Steering axis inclination - load on king pin post bushing

[seuf]

I would be grateful for any assistance

I'm attempting to calculate the load on the bushing in the kingpin post on this steering axle. I've uploaded a pdf of the assembly. The load would be perpendicular to the kingpin center line at the top and bottom of the bushing. I'm not certain how the figure this. Am I correct with what I have so far:

The machine is 1400 lbs at the rear. Two wheels so, 700 lbs on each wheel.

The load through the kingpin would be:

C = 700 lbf / sin15 = 2704.6 lbf

 

[Baluncore]

Welcome to PF.
Assuming that the kingpin thrust bearing caries load but provides no alignment control, the kingpin bushing will need to handle two forces due to torque from the offset wheel.
The kingpin will exert an outward force against the lower part of the bushing.
The kingpin will exert an inward force against the upper part of the bushing.
Those forces will be inversely proportional to the length of the bushing, reaching a maximum pressure at the ends of the bushing.

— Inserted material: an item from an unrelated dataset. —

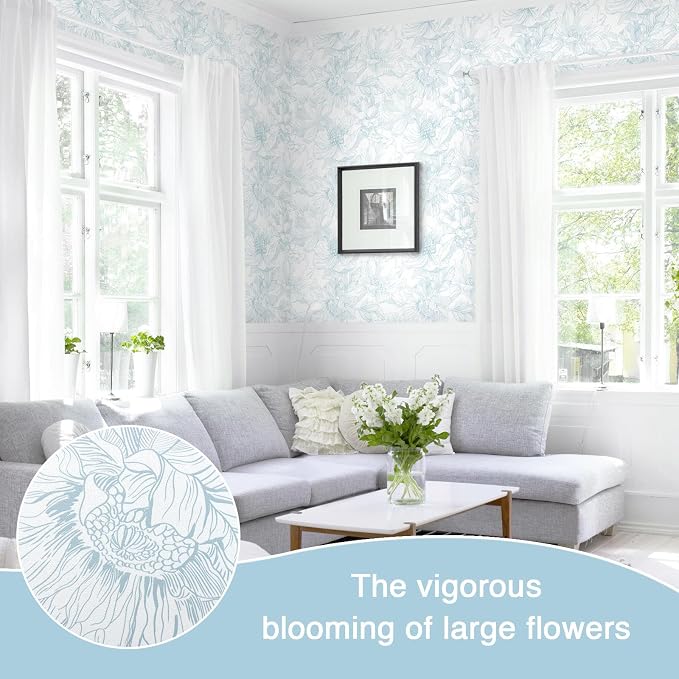236"x17.3" Peel and Stick Wallpaper Blue Floral Contact Paper Boho White Modern Wallpaper Removable Self Adhesive Wall Paper for Bedroom Bathroom Cabinets Drawers Thicken Vinyl Roll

Steering is less sensitive to ground conditions when the kingpin centre line axis passes through the midpoint of the tyre contact patch on the ground. Why do you not do that?

 

[seuf]

Thank you for the response. I like the idea of the king pin center line intersecting the midpoint of the tire contact patch. Unfortunately, this is an existing design. That is something I will definitely implement into the Gen 2 design. Thank you. The issue is the existing bushing wearing prematurely. So, I'm trying to determine the forces on the bushing to select the proper type of bushing to replace the existing one. I was incorrect in figuring the force thru the kingpin center line, wasn't I? It should be:

C = 700/cos(15) = 724.6lbf - correct

 

[seuf]

I understand the forces acting upon the top and bottom of the bushing. but I am not certain how to figure those out. I understand the basic concept of sum of forces and moment arms. But am uncertain how to implement them in the instance.

 

[Baluncore]

The kingpin in the bushing is subjected to a torque about it's centre point of;
Torque = ( 700 lbf ) * ( "horizontal distance" between “centre of tyre contact patch” and the “midpoint of kingpin” ).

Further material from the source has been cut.